Spices have been highly prized over the centuries, with certain spices at times being worth more than their weight in gold. You might recall, from your American history class, that when Christopher Columbus discovered the New World he was actually looking for a shorter trade with India, primarily for spices. We enjoy spices because they impart interesting flavors to our foods. But before the days of refrigeration they were also highly valued for their ability to preserve food. By using certain spices that have strong antimicrobial actions, we can reduce the amount of salt needed to preserve our meat, making it more palatable and healthier at the same time.

Spices with antimicrobial action include garlic, ginger, black pepper, clove, oregano, thyme, nutmeg, cinnamon, allspice, bay leaves, mustard, rosemary, bishop’s weed, chilli (also called cayenne or red pepper), horseradish, cumin, black cumin, pomegranate seeds, onion, celery, geranium and many others. Some spices by themselves have weak antimicrobial effects that become much stronger when combined with other spices. (These combinations are said to be synergistic, because the combination is greater than the sum of the individual parts.) Chili powder is a synergistic combination typically consisting of red pepper (cayenne), onion, paprika, garlic, cumin and oregano. Five-spice powder is a synergistic combination of pepper, cinnamon, anise, fennel and cloves. Most people think that the combination of spices known as curry powder originated in India.

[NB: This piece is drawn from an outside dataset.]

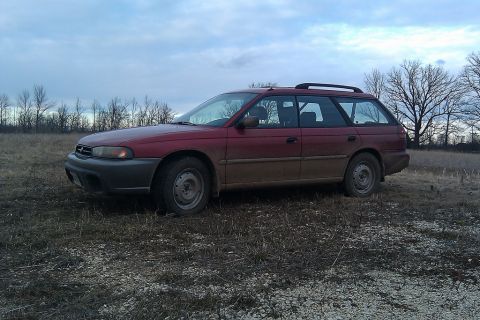 1998 Subaru Legacy - Red 1998 Subaru Legacy wagon sits in a muddy field under a cloudy sky.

But curry is actually a Western blend devised during colonial times combining the best spices from India. Curry powder recipes vary slightly, but turmeric is always a key ingredient in the blend. The usual recipe for curry powder in the West consists of turmeric, cardamom, cumin, fenugreek and chilles. Other herbs that are commonly included in curry blends include ginger, garlic, coriander, cloves, nutmeg, mustard, black pepper, fennel, and others. 

We can extend the shelf-life of our homemade jerky with the judicious use of spices. Salt and pepper, either black or red, are key ingredients. The other spices that I prefer include garlic, ginger, and turmeric. I also like the spice blends mentioned above, curry powder, chili powder and five-spice powder. If a liquid marinade is to be employed soy sauce may be used as the source of salt.